Exercise description:
For the entries below, repeat exactly each line starting with the one that contains "Delmarva fox squirrel" and going on through the one that contains "Waterside view of", and no others.

*** Records for this task ***

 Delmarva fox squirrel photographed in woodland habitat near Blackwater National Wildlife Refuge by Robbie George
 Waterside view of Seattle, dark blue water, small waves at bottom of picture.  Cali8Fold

*** End of Records for this task ***
*** Records for this task ***

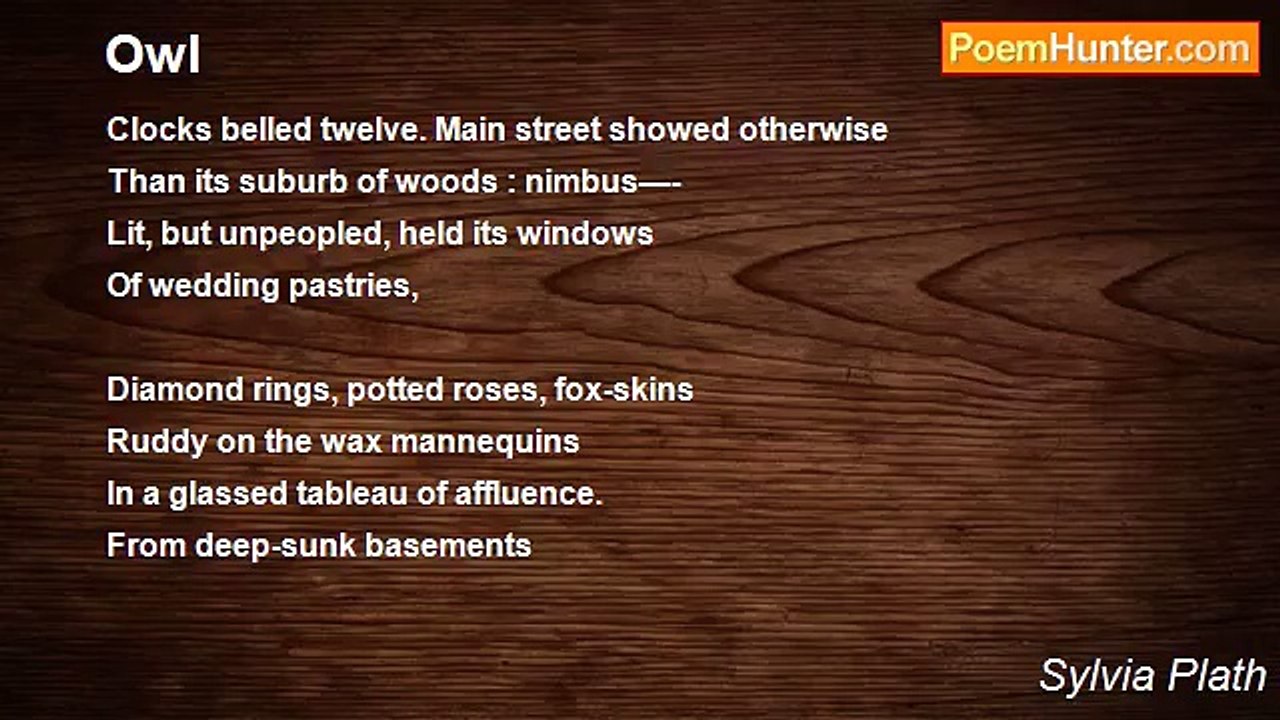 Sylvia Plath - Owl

*** End of Records for this task ***

Output below:
 Delmarva fox squirrel photographed in woodland habitat near Blackwater National Wildlife Refuge by Robbie George
 Waterside view of Seattle, dark blue water, small waves at bottom of picture.  Cali8Fold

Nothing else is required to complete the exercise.